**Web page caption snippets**

● ● ●

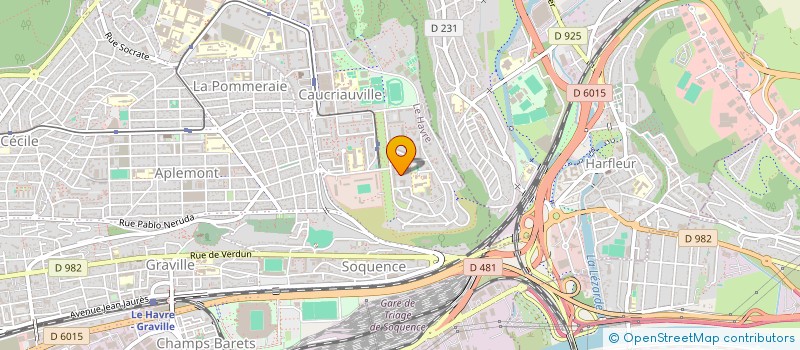 localisation de l'entreprise MONSIEUR OMAR DIAKITE à LE HAVRE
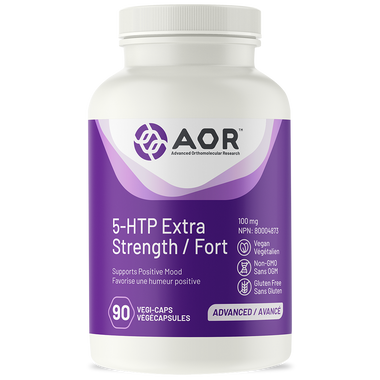 AOR 5-HTP Extra Strength (Formerly Tryfonia Max), 90 Vegetable Capsules | NutriFarm.ca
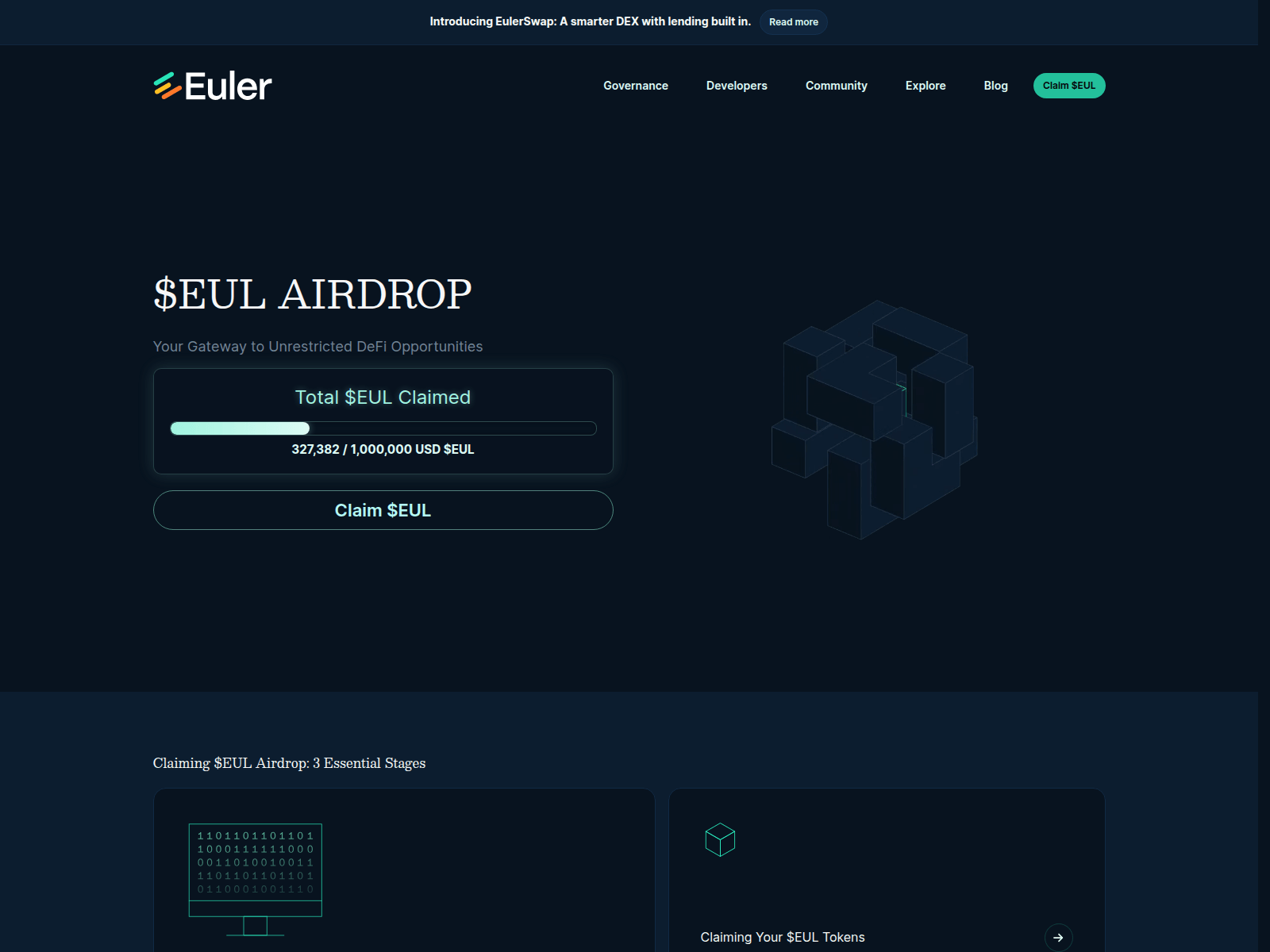 Screenshot of app-eulerlabs.com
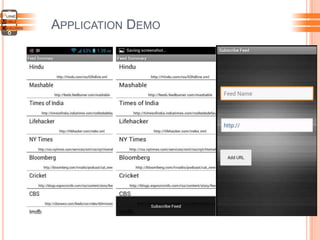APPLICATION DEMO
 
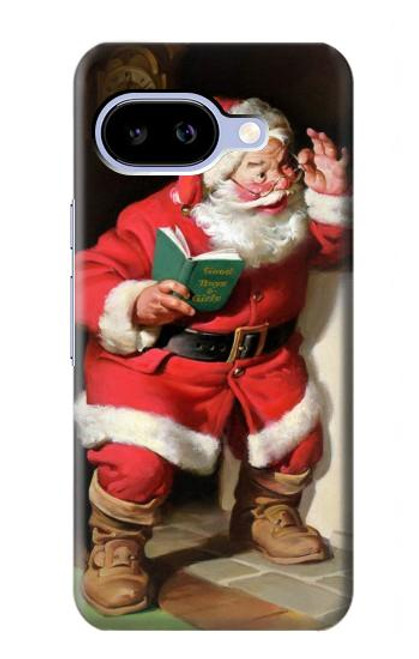 S1417 Santa Claus Merry Xmas Case For Google Pixel 9a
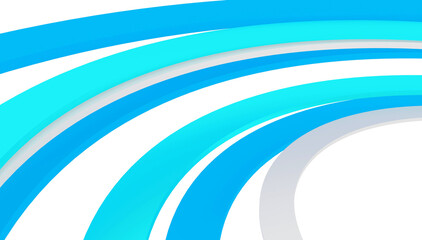 3D wave speed concept illustration render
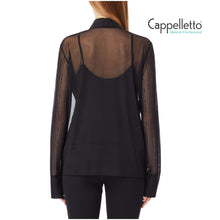 Carica l&#39;immagine nel visualizzatore di Gallery, Camicia Nera Ricamata CF5056
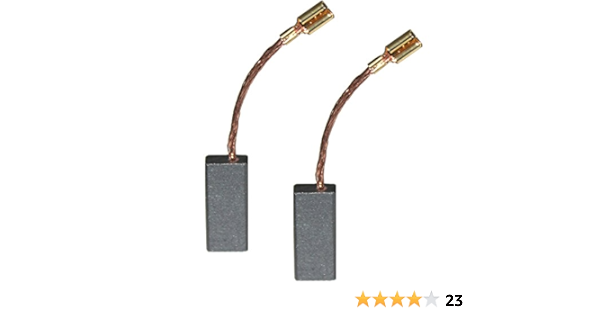 Balais De Charbon Asein 0770 Pour Outils Neumac - 5x10x18mm - Avec Ressort Et Câble - Remplacement Longue Durée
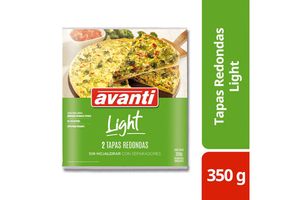Tapas Redondas Light con Separadores AVANTI 350 gr en Tienda Inglesa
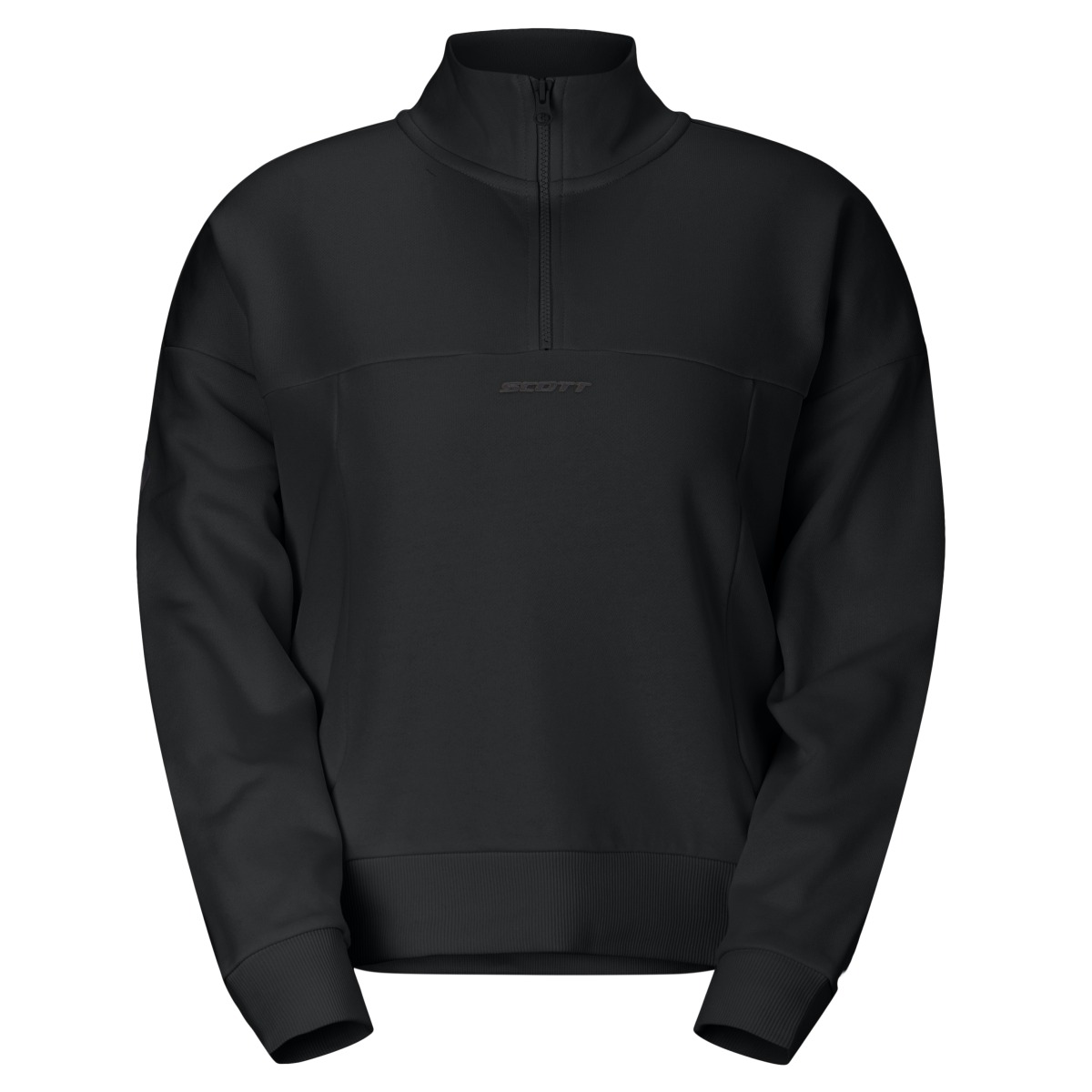 Scott Halfzip Damen Freizeit Pullover schwarz 2026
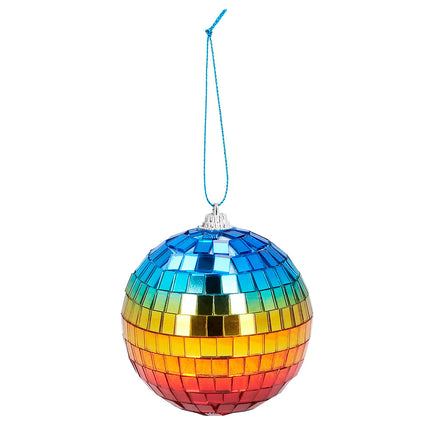 Regenbogen Discoball 8cm 6Stück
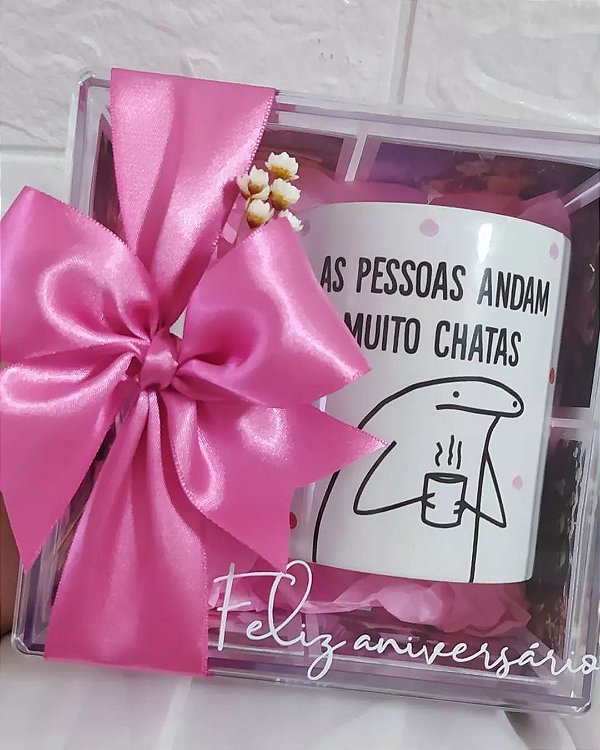Presente personalizado, box luxo com fotos.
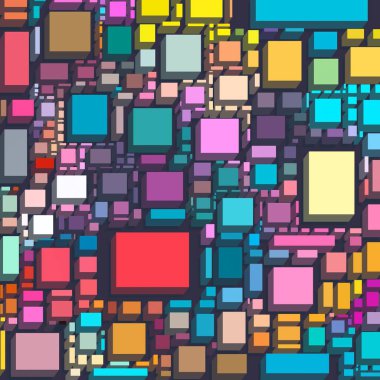 Soyut sanat dokusu. Kareler ile renkli doku. Modern sanat eserleri. Renkli görüntü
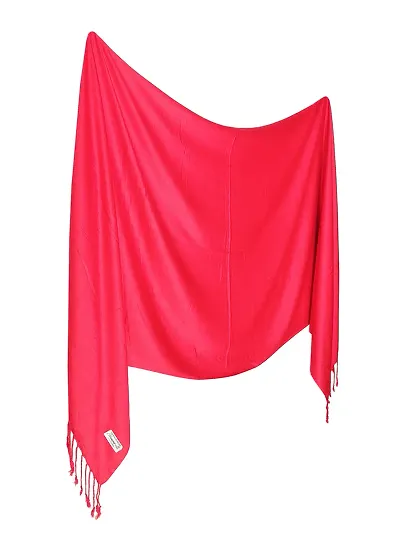 Stylish Satin Solid Stoles for Women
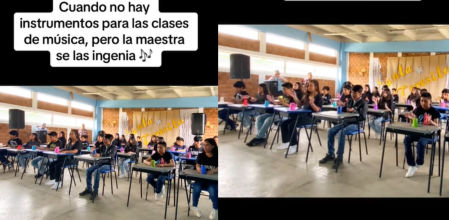 El increíble ingenio de una profesora de música para que sus alumnos aprendan percusión sin instrumentos: "Impresionante"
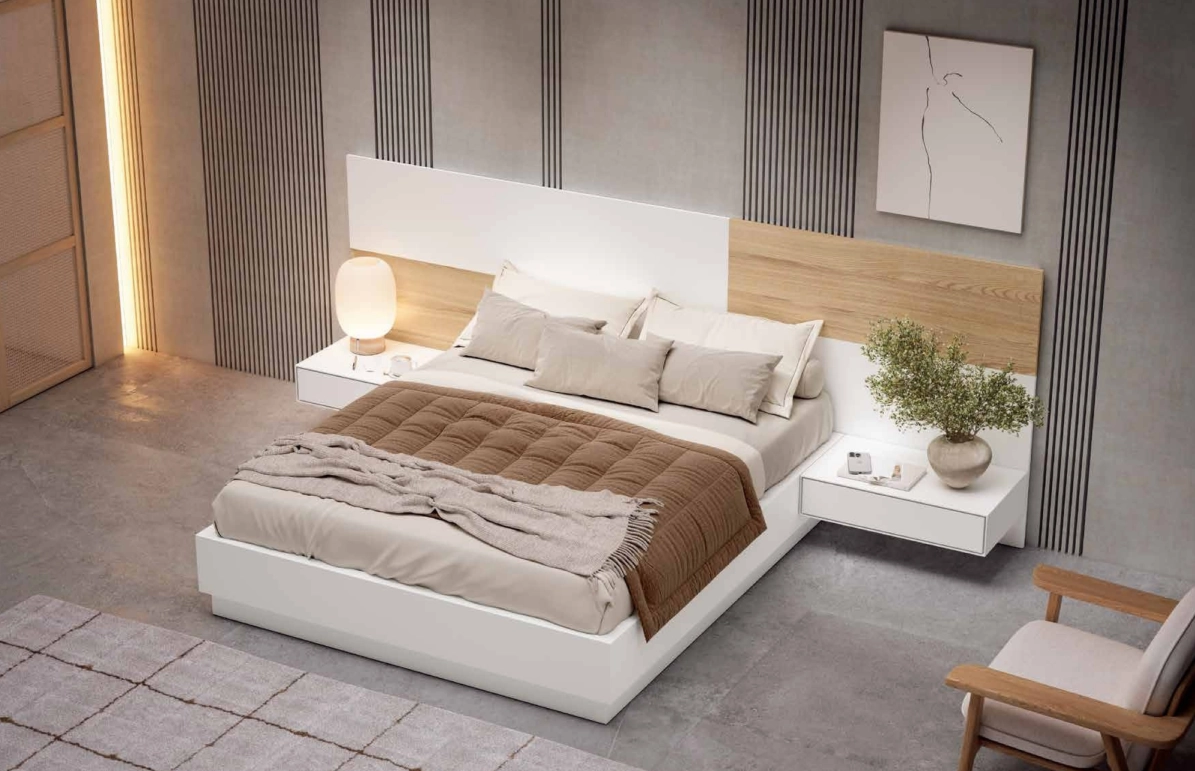 Dormitorio Roble europeo Blanco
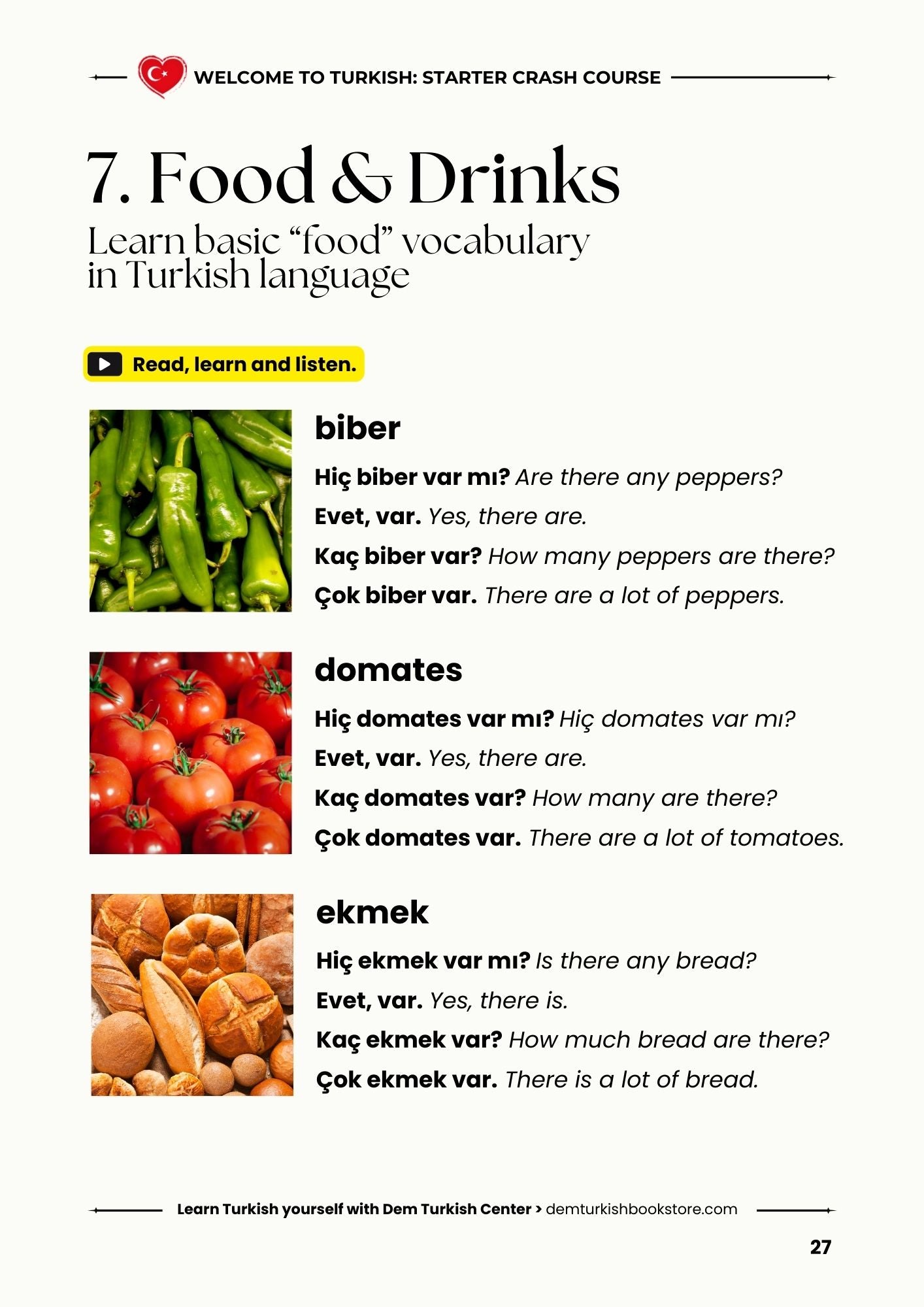 Turkish Starter Crash Course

● ● ●

**WORK ORDER**
Would you return all of the data above word for word, omitting every picture?

**WRITTEN ANSWER**
 localisation de l'entreprise MONSIEUR OMAR DIAKITE à LE HAVRE
 AOR 5-HTP Extra Strength (Formerly Tryfonia Max), 90 Vegetable Capsules | NutriFarm.ca
 Screenshot of app-eulerlabs.com
APPLICATION DEMO
 
 S1417 Santa Claus Merry Xmas Case For Google Pixel 9a
 3D wave speed concept illustration render
 Carica l&#39;immagine nel visualizzatore di Gallery, Camicia Nera Ricamata CF5056
 Balais De Charbon Asein 0770 Pour Outils Neumac - 5x10x18mm - Avec Ressort Et Câble - Remplacement Longue Durée
Tapas Redondas Light con Separadores AVANTI 350 gr en Tienda Inglesa
 Scott Halfzip Damen Freizeit Pullover schwarz 2026
 Regenbogen Discoball 8cm 6Stück
Presente personalizado, box luxo com fotos.
 Soyut sanat dokusu. Kareler ile renkli doku. Modern sanat eserleri. Renkli görüntü
 Stylish Satin Solid Stoles for Women
 El increíble ingenio de una profesora de música para que sus alumnos aprendan percusión sin instrumentos: "Impresionante"
 Dormitorio Roble europeo Blanco
 Turkish Starter Crash Course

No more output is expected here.